Does it work? Well, it seems like a viable characterization of our duties of self-improvement, which are certainly part of the Big Seven Topics that Ross cared about. As I mentioned previously, this was a major point of contention for Ross in his description of his project. So there is a useful sense in talking about merely apparent reasons in ordinary talk, if only to capture the common denominator of the Big Seven.

Does it make sense to say that all of Ross’s prime facie claims are de se reasons? Here is one reason to think not: some people would like to say that such relativistic (de se) reasons are not distinctively ethical, in the sense of commanding shared rational attention of particular (virtue-leaning) kinds of people. For example, Hume’s obtuse man who refuses to scratch his finger to save the world: while this might be a case of someone who has a prime facie reason in some amoral sense, it is not a prime facie ethical claim. And since Ross is interested in the objective parts of the moral situation, one might think any talk of objectivity precludes reference to relativistic (de se) reasons, since they sound suspiciously like subjective features of a situation. So a critic might allege that this talk about apparent reasons is so ethically defective as to be indefensible. My first inclinations, then, are seemingly off base.

*No such person exists. I would have used the more obvious empty name, “Youtube McGee”, except that it doesn’t rhyme with “de se”.

A prime facie what?

On the heels of the previous post, I have been wondering about what it would really take to be a prime facie duty. Ideally, an account should make it clear whether or not Ross has correctly identified the nature and usefulness of the familiar Big Seven topics (beneficence, non-maleficence, fidelity, etc.) by choosing ‘prime facie‘ as a label. And it is not an embarrassing question, given that Ross’s original remarks from The Right and The Good are provisional and apology-laden, so surely invite friendly re-evaluation (even if it must be confessed that one is not breaking new ground in thinking through a text that is almost a century old).

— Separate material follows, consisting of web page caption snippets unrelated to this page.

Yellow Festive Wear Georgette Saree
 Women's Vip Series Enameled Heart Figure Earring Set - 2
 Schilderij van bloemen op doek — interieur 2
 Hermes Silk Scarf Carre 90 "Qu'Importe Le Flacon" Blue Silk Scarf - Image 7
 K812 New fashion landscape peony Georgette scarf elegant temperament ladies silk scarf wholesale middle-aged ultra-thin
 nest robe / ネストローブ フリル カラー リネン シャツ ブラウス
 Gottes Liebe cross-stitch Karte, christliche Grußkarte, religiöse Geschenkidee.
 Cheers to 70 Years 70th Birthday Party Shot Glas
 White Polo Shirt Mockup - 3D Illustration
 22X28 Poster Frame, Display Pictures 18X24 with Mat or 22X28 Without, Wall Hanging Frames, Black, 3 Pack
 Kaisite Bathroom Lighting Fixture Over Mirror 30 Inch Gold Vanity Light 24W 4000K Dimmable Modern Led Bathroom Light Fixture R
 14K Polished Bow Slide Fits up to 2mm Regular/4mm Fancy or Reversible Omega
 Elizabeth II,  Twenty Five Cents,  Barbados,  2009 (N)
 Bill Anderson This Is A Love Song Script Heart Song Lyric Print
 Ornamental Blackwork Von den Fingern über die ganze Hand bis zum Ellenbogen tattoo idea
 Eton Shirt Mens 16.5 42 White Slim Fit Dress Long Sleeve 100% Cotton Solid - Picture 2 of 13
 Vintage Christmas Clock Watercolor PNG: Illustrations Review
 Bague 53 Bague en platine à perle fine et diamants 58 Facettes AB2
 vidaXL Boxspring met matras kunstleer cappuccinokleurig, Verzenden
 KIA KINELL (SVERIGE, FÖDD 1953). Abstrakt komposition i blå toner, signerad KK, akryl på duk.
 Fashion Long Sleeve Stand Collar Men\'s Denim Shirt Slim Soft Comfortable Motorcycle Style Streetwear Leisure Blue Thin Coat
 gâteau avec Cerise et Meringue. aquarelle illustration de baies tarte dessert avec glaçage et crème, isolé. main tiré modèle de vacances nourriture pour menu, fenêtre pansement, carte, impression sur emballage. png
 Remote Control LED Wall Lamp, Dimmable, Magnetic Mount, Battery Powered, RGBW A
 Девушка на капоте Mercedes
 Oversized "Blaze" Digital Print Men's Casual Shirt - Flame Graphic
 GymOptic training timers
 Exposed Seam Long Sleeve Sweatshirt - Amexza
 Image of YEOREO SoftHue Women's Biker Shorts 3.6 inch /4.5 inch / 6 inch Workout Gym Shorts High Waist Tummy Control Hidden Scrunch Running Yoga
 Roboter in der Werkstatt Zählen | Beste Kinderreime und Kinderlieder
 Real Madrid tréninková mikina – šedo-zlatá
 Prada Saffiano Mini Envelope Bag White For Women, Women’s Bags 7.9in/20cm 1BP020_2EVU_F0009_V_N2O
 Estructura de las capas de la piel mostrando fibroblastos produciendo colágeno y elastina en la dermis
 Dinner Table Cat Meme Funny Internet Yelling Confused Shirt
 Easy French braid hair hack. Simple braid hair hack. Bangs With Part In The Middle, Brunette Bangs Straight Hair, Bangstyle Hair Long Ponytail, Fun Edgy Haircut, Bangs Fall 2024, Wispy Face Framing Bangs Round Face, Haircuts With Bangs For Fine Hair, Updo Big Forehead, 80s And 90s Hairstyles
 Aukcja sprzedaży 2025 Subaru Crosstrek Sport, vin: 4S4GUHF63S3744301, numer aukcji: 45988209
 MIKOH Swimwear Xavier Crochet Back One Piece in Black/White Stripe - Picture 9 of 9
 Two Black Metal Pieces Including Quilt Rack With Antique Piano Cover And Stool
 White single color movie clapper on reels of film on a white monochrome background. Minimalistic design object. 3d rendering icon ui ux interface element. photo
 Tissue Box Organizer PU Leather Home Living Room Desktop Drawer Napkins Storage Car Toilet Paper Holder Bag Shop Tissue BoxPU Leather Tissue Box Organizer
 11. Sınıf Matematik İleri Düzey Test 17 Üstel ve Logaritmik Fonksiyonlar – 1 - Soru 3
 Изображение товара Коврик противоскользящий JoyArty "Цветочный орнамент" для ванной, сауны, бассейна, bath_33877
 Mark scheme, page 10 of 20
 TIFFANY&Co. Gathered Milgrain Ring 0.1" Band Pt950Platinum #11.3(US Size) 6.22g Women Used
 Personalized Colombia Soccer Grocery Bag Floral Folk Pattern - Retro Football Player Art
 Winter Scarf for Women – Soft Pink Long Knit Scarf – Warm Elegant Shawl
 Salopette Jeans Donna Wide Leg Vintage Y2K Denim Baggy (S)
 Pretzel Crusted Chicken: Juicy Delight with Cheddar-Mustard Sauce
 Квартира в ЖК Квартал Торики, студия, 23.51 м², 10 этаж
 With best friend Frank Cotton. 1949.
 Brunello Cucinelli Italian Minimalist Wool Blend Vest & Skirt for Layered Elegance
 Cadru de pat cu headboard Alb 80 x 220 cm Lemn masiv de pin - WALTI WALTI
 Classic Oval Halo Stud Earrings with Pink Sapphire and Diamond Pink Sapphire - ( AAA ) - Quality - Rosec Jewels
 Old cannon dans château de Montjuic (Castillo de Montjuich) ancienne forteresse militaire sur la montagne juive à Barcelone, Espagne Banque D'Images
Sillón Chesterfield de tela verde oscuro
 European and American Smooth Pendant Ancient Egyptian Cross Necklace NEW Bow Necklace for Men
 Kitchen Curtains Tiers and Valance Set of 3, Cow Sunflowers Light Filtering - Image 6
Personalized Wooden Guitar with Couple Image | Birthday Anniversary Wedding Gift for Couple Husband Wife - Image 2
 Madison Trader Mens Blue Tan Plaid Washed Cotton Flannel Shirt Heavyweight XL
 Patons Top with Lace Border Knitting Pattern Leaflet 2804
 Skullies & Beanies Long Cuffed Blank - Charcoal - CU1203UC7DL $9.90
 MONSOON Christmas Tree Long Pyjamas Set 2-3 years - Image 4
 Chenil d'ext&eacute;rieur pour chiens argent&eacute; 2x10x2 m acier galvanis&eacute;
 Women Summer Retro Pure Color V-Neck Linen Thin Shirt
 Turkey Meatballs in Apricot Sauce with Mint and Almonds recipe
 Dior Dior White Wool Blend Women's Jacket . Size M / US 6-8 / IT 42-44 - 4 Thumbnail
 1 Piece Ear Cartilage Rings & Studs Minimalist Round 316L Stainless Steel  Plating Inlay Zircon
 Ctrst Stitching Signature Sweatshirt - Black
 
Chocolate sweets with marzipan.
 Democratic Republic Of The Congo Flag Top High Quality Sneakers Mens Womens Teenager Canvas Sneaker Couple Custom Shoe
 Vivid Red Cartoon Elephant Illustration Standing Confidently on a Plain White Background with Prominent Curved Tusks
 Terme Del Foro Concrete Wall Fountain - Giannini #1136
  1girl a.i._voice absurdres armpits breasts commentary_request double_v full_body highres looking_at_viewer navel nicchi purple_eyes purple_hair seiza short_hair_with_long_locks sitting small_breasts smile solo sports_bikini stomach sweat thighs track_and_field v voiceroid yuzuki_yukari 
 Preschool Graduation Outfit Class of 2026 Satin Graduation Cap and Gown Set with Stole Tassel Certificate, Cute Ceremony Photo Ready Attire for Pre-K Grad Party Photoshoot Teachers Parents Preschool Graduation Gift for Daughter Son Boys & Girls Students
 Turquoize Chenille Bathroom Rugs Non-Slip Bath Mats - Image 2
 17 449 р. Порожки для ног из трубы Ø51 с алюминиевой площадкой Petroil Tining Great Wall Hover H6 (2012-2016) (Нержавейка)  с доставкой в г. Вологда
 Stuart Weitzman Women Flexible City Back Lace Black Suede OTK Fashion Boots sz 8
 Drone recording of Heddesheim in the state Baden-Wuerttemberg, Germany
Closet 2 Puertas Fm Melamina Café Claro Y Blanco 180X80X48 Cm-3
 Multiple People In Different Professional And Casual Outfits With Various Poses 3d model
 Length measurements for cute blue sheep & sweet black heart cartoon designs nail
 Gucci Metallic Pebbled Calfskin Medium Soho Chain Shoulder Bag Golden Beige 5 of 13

In my previous post I alleged that there is such a thing as a prime facie reason that is not minimally good (pro tanto). Some reasons are not, as a matter of fact, good reasons — they only seem to be good under some description. This is a point I have explored in other blogging (here and here). Now the question is whether any of those prime facie reasons are helpful in expressing the grounds upon which one might make a claim of responsibility over actions and events (to take up Brandon’s suggestion), and in that sense be worthy of being called ‘prime facie duties’.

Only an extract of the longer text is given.